Ere was Sydney’s leading scorer with 24 points with Nielsen again standing tall with a double-double (17 points, 10 rebounds). Wheeler made a major contribution off the bench, grabbing 15 rebounds. Sam Mackinnon was the only other West Sydney player to reach double figures with ten points. Aaron Trahair had a particularly bad evening, shooting 0/10 from the field. As this correspondent laid his head down to sleep that Sunday night, he knew that if Game Five was as physical as what he had just seen, the ‘Thriller in Manila’ would have been a cakewalk...

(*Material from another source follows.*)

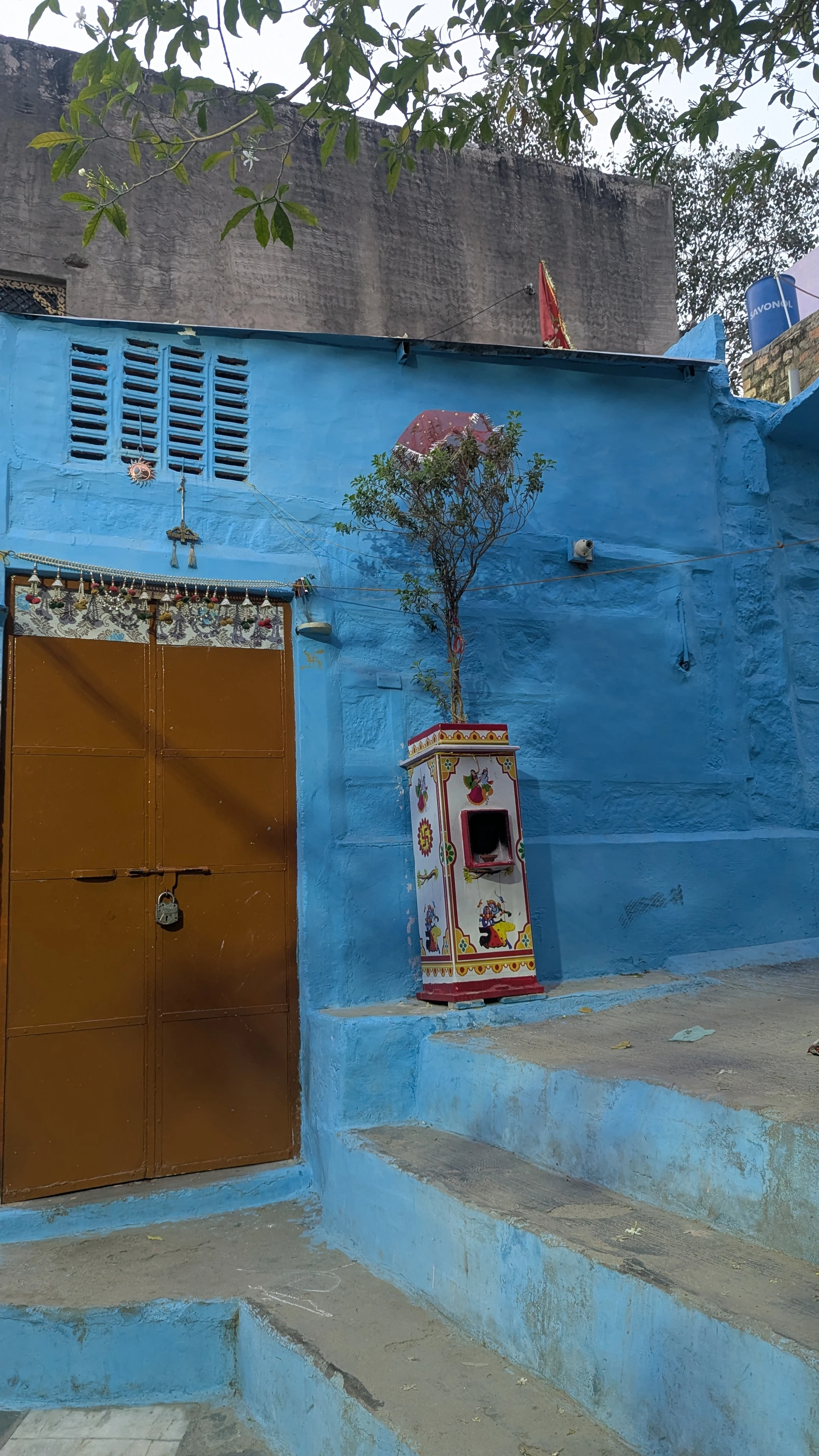 Narrow blue-painted lane in Jodhpur's old city with a quiet doorway and planter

Milestone Alert: This was John Rillie’s 300th NBL game and Brett Wheeler’s 400th NBL game.

Tuesday 6 April 2004
NBL Grand Final Game Five: West Sydney Razorbacks @Sydney Kings.
Final score: Kings 90-Razorbacks 79

A crowd of 9609 (the biggest crowd of the season) packed into the Sydney Entertainment Centre to bear witness to history. Few people in attendance knew of the high drama that played out before the first tip. Referees Bill Mildenhall and Michael Aylen (scheduled to control the decider with Vaughan Mayberry) were trapped at Melbourne’s Tullamarine Airport after a thick bank of fog swamped the area, delaying all flights in and out. After some frantic phone calls across Sydney, Roger Shiels (who ironically worked in avionics at Kingsford-Smith Airport) and Brett Hogan were drafted in as replacements. Shiels was happy to assist the NBL in its hour of need, saying that “I’ve controlled Grand Finals before, just never one this important.”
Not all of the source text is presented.